The PDF Table Extractor finds tables in PDF documents and converts them to structured data. Upload a PDF, select a page, and export the detected tables as CSV or HTML. Powered by PDF.js — all processing happens in your browser, no upload required.
1. Upload PDF
Drop your PDF here or browse
Text-based PDFs only — scanned documents require OCR
Processing PDF...
0 Table(s) Found
No tables detected on this page
Try reducing the column gap threshold, or check if the PDF contains selectable text
How to Extract Tables from PDFs
Many reports, financial statements, and academic papers store important data in PDF tables. This tool uses PDF.js to read the PDF directly in your browser, analyzes text positions to detect table structure, and exports clean data without any server-side processing.
Step 1: Upload Your PDF
Drag and drop your PDF into the upload area or click to browse. The tool loads the PDF using PDF.js and detects how many pages it contains. Only text-based PDFs work — if text in the PDF is selectable when you open it in a viewer, it will work here.
Step 2: Select a Page and Adjust Settings
Choose which page contains the tables. The Row grouping (px) setting determines how close text items need to be vertically to be grouped into the same row. The Column gap (px) setting determines the minimum horizontal space that indicates a column boundary. Increase the row grouping for dense tables; increase the column gap if columns are being merged together.
Step 3: Extract and Export
Click "Extract Tables" to process the page. Each detected table appears with options to copy as CSV, download as CSV, or copy as HTML. For Excel or Google Sheets, use the CSV export. For web pages, use the HTML export which gives you a properly structured <table> element.
Improving Extraction Quality
If columns are merging incorrectly, reduce the column gap threshold. If rows are splitting when they shouldn't, increase the row grouping value. For tables with merged cells or complex headers, you may need to clean up the CSV manually after export. Multi-page tables spanning across page breaks will need to be extracted page by page and combined.
FAQ
Is this PDF table extractor free?
Yes, completely free with no signup required. Your PDF files are processed entirely in your browser using PDF.js — nothing is uploaded to any server. Your documents remain completely private on your device.
What types of PDFs work with this tool?
This tool works best with text-based PDFs where the text is selectable. PDFs created from Word documents, Excel spreadsheets, or other digital sources typically work well. Scanned documents (images of paper) require OCR (optical character recognition) processing and may not extract cleanly.

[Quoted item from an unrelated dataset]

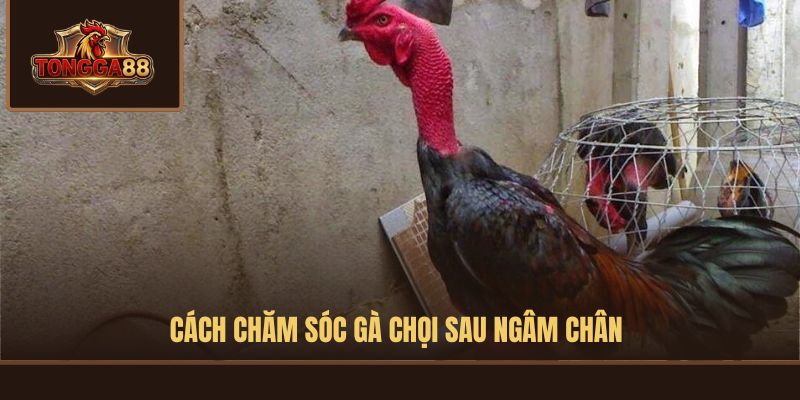 cách ngâm chân gà chọi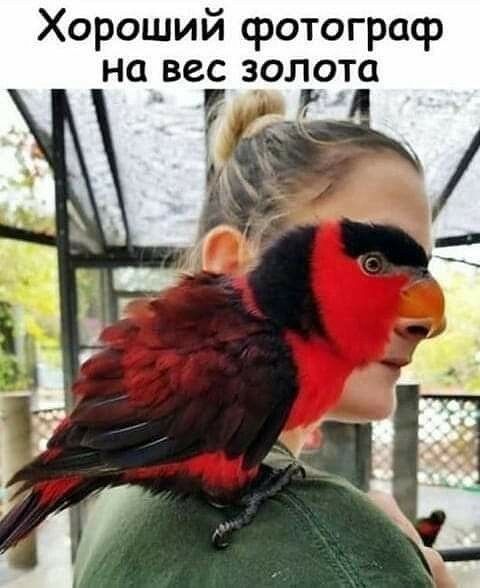 Хороший fotograf на вес золота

How does automatic table detection work?
The tool uses the text position data from PDF.js to group text items by their Y-coordinate (rows) and X-coordinate (columns). Items on the same horizontal line become a row; consistent vertical alignment across multiple rows becomes a column. This works well for grid-structured tables with clear column alignment.
Can I extract tables from password-protected PDFs?
Password-protected PDFs cannot be opened without the password. If your PDF is encrypted, you'll need to unlock it first using the PDF owner password before extracting tables.
What export formats are available?
You can export extracted tables as CSV (comma-separated values) for Excel/Sheets, TSV (tab-separated values) for tab-delimited imports, or copy the raw HTML table code to embed in websites or documents.
Why are some tables not detected correctly?
Table detection works by analyzing text position coordinates. Tables with merged cells, complex multi-level headers, or irregular column spacing may not extract perfectly. Tables embedded as images (rather than text) cannot be extracted at all — they would require OCR. Try adjusting the row and column detection sensitivity if tables look misaligned.